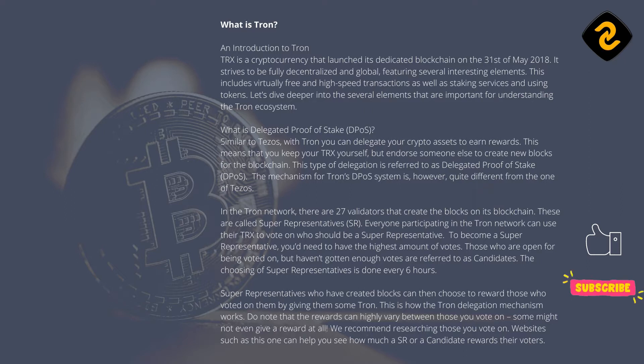Do note that the rewards can highly vary between those you vote on — some might not even give a reward at all. We recommend researching those you vote on. Websites such as this one can help you see how much a SR or a candidate rewards their voters.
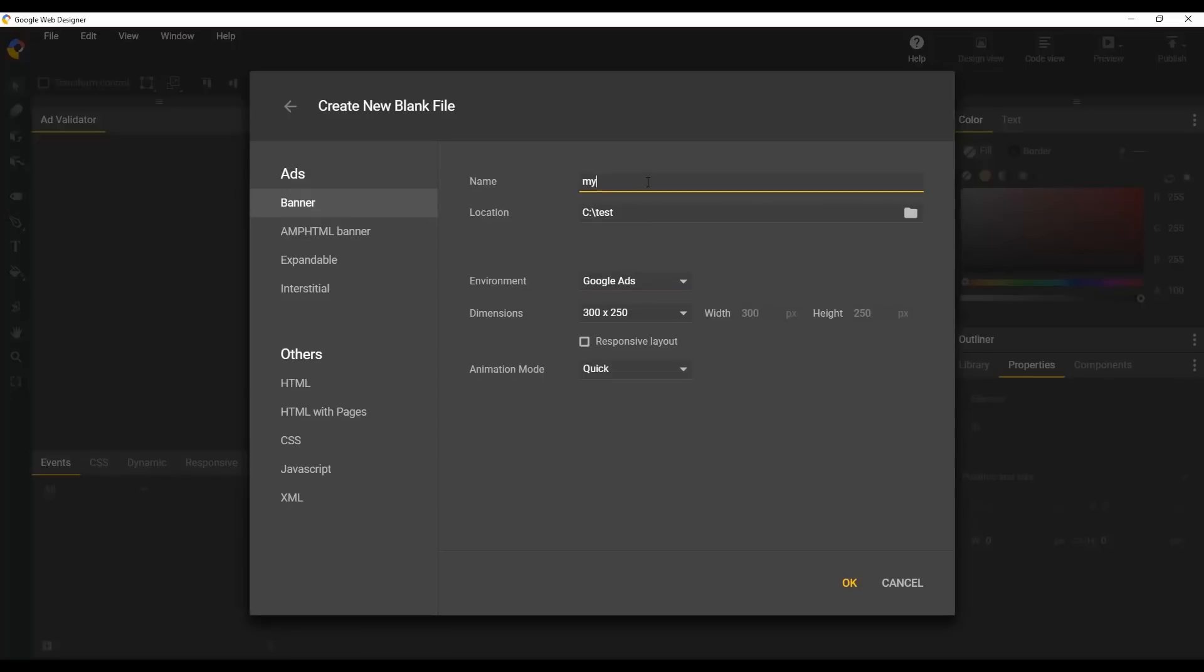Give it a name. This can be anything you want. Set the destination folder, set your dimensions, and choose either quick or advanced animation mode. Finally, click OK to create your ad.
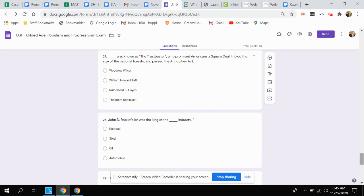Question twenty-seven. This person was known as the trust buster, who promised Americans a square deal, tripled the size of national forests, and passed the Antiquities Act. Was that Woodrow Wilson, William Howard Taft, Rutherford B. Hayes, or Theodore Roosevelt?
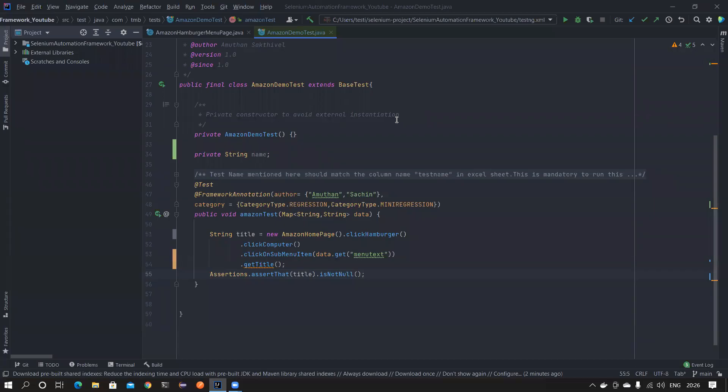Hi friends, welcome back to my channel Testing Minibytes. This is going to be a very quick video. If you are migrating from Eclipse IDE — if you've been an Eclipse user for a long time and you're moving to IntelliJ — the IntelliJ shortcuts can be very tricky. For example, it uses Alt+Enter for suggestions, which is hard to press without taking your hands off the mouse. So I want to use the same Eclipse shortcuts inside IntelliJ.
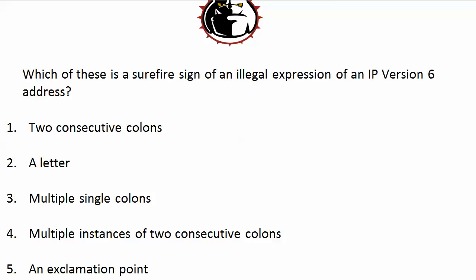Multiple single colons — no problem there, because even in a version 6 address that hasn't been compressed at all, you're going to see multiple single colons because that separates our fields of numbers. Now multiple instances of two consecutive colons — we're running into a problem there, because that would mean zero compression has been used twice on the address, and actually that is illegal. Zero compression is fantastic, but you can only use it once per version 6 address.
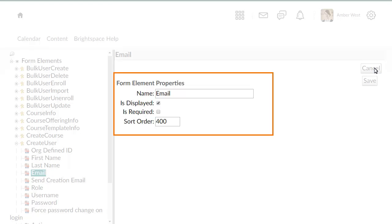You can modify the name of the field, whether the field displays in the form, whether the field is required, and the sort order, which controls where the field appears in the form.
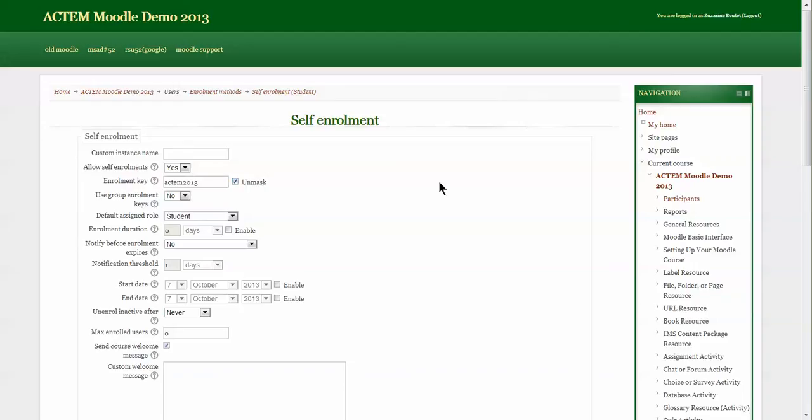The students would log into Moodle, find the Moodle course, and when they click on it they would be asked for the enrollment key. That would enroll them directly into the course. It doesn't do anything other than enroll them into the course.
- - - - - - -
§ **THE PROBLEM**
Transcribe the entries from their first line to the line that holds "Give it a name.", both included, and skip every picture.

§ **SOLVED EXERCISE**
Do note that the rewards can highly vary between those you vote on — some might not even give a reward at all. We recommend researching those you vote on. Websites such as this one can help you see how much a SR or a candidate rewards their voters.
Give it a name. This can be anything you want. Set the destination folder, set your dimensions, and choose either quick or advanced animation mode. Finally, click OK to create your ad.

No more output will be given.